WHAT TO WORK ON:
Skip the pictures and repeat each line of the data exactly.

START DATA SECTION

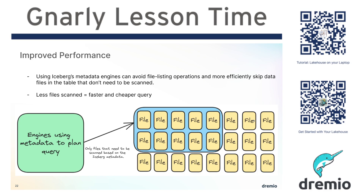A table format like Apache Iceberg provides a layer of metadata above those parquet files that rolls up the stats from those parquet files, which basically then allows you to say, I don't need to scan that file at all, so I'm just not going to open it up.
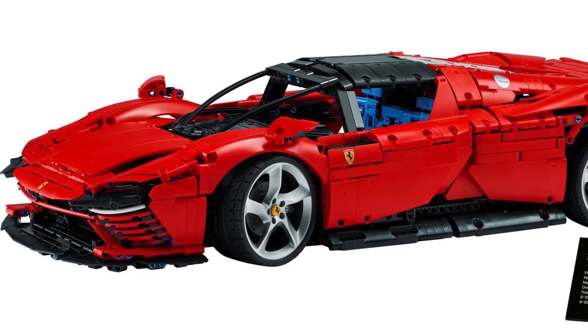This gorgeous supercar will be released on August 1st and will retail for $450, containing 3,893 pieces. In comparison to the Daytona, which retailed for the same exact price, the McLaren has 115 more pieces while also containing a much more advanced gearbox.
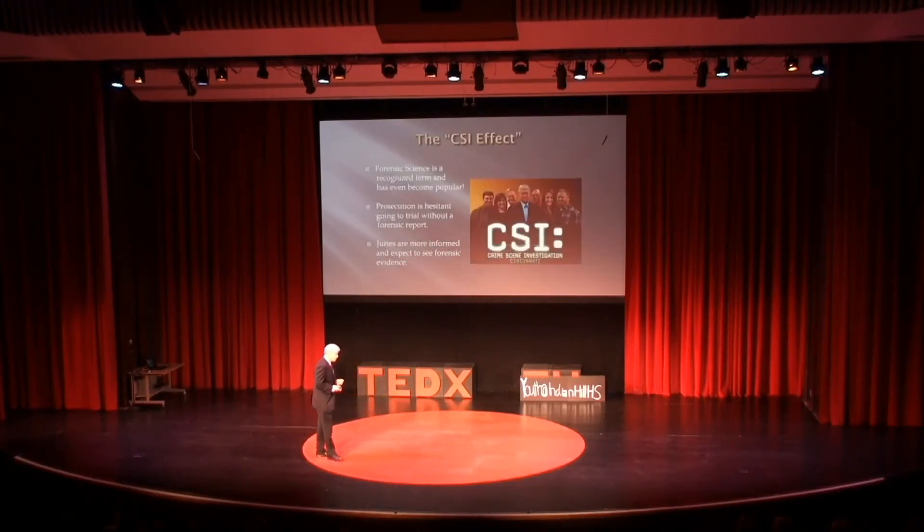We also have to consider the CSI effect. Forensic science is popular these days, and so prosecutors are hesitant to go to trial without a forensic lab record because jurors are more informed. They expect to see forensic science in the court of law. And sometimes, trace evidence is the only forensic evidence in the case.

END DATA SECTION

OUTPUT OF THE TASK:
A table format like Apache Iceberg provides a layer of metadata above those parquet files that rolls up the stats from those parquet files, which basically then allows you to say, I don't need to scan that file at all, so I'm just not going to open it up.
This gorgeous supercar will be released on August 1st and will retail for $450, containing 3,893 pieces. In comparison to the Daytona, which retailed for the same exact price, the McLaren has 115 more pieces while also containing a much more advanced gearbox.
We also have to consider the CSI effect. Forensic science is popular these days, and so prosecutors are hesitant to go to trial without a forensic lab record because jurors are more informed. They expect to see forensic science in the court of law. And sometimes, trace evidence is the only forensic evidence in the case.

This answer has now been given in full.